THE DATA
====

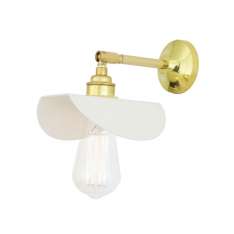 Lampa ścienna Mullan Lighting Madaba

====

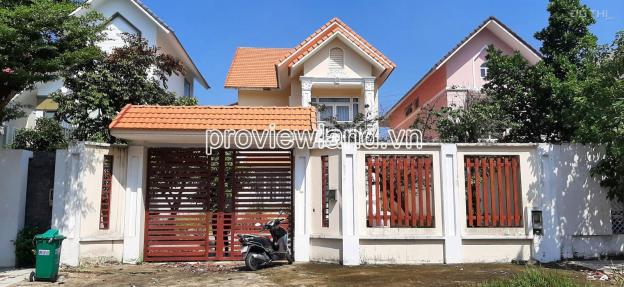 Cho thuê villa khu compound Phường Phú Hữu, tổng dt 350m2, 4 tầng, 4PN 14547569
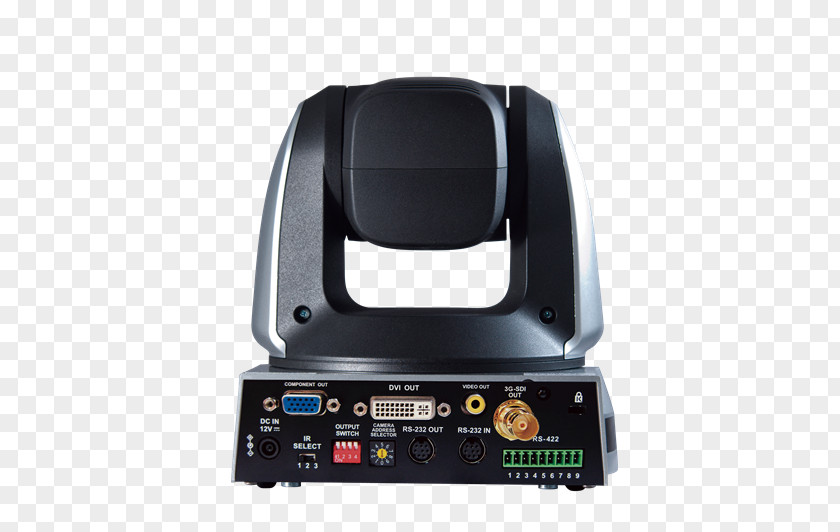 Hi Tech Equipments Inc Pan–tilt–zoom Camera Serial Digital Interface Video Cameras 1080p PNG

====

ACTIVITY
Everything above from the line that has "Cho thuê villa" down to the line that has "Hi Tech Equipments" should be output exactly, with both of those lines included. Leave the pictures behind.

OUTPUT FOR THIS TASK
 Cho thuê villa khu compound Phường Phú Hữu, tổng dt 350m2, 4 tầng, 4PN 14547569
 Hi Tech Equipments Inc Pan–tilt–zoom Camera Serial Digital Interface Video Cameras 1080p PNG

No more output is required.